To install it from CRAN:
install.packages("readODS")
First thing you might notice is that it’s just one month after the last release. That’s right. Within just one month, we made a lot of progress. In my opinion, this is probably the real “stable” release of the v2 series. The nice thing about 2.1 is that you probably will not see notable differences (except maybe one point, see below). Just like 2.0.0, you will see mostly (but sometimes, dramatically) performance increases. Let’s dive into it.
xml2
; complete C++ rewrite of write_(f)ods
readODS
was completely rewritten in 2016 to use xml2
(The previous versions were using XML
). Following the trend of rewriting xml2
code in C++ with RapidXML since 2.0.0, 2.1.0 is the first version which xml2
is no longer a dependency. write_ods
(namely the part on updating and appending sheets) was the last part in 2.0.0 that needs xml2
. This part, along with the entire ODS writing algorithm, has been rewritten in C++ with RapidXML.

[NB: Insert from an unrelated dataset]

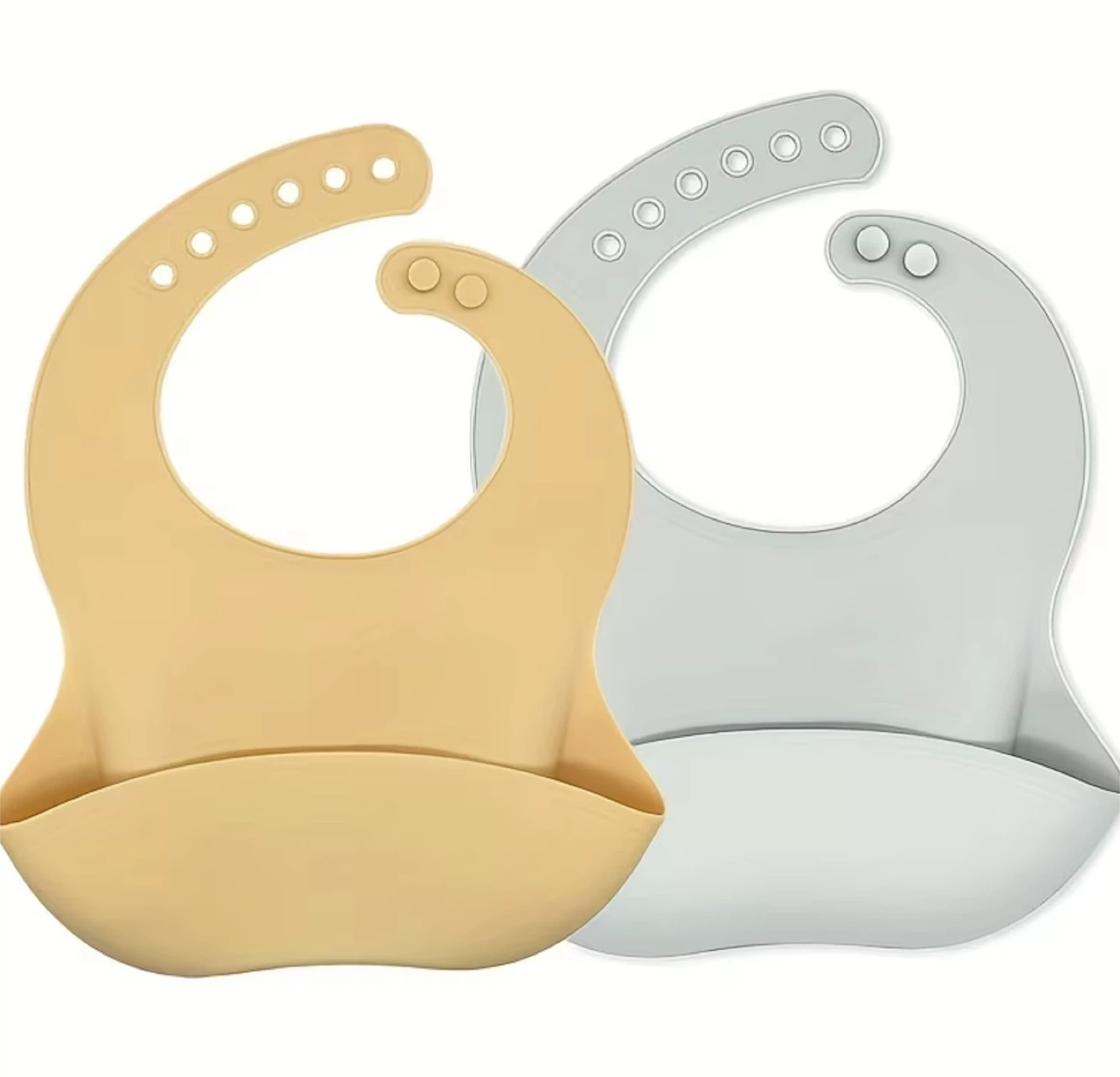 NEW Silicone Baby Bibs - beige and grey available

This is a good in threefold. First, readODS
has no required system dependencies anymore 1. You don’t need to install libxml2-dev
on Ubuntu, for example. On a blank state Rocker (R container), you can install readODS
2.1.0 right away.
Second, massive speed improvement. As said previously, the ODS writing algorithm by Dr Detlef Steuer implemented in 1.8.0 was 100x faster than 1.7.0. Now, the C++ rewrite of the same algorithm in 2.1.0 is 10x faster than 1.8.0. Therefore, 2.1.0 is almost 1000x faster than 1.7.0! Don’t believe it? I have a benchmark. It took 46.4s in January this year with 1.7.3. Now the same benchmark takes 0.047s. nycflights13
can be written to ODS in 15.4s (was 162s). In the previous post I said 2.1.0 should complete the round trip of writing and reading nycflights13
under 60s (was 201s). Now 46s.
Third, UTF-8 safe. Because of cpp11
’s “UTF-8 everywhere” policy, the C++ version of ODS writing mechanism is truly UTF-8 safe. Now, we can make sure the writing mechanism works in R < 4.2 on Windows (where UTF-8 is not the default). The CI infrastructure regularly checks to make sure R 3.6 on Windows is supported. This might look insignificant as most of us are probably using R >= 4.2 and/or non-Windows OSes. But there are still many workers in heavily regulated computing environments (such as various governments around the world) where R < 4.2 on Windows is still the standard. As this package is used by various governments’ Open Data initiatives, this is a boon.
While rewriting write_ods
, we also added the functionality to write Flat ODS. So now you can read and write FODS on 2.1!
This is a requested feature. And both writexl
and openxlsx
have the same feature. Now you can write a list of data frames into the same file:
temp_ods <- tempfile(fileext = ".ods")
readODS::write_ods(list("flower_data" = iris, "car_data" = mtcars), temp_ods)
readODS::list_ods_sheets(temp_ods) # two sheets
col_types
supportThis one was fixed because of the not-so-positive review of the 1.x series of readODS
by the fellow social scientist Dr Didier Ruedin at the University of Neuchâtel, Switzerland.
Of course, the speed issue mentioned in his review has now been fixed. But the issue related to col_types
remained in 2.0.x. So now, you can use col_types
the same way as readxl
. It can now either accept a character or a list. 2
readODS::read_ods("starwars.ods", col_types = "??f")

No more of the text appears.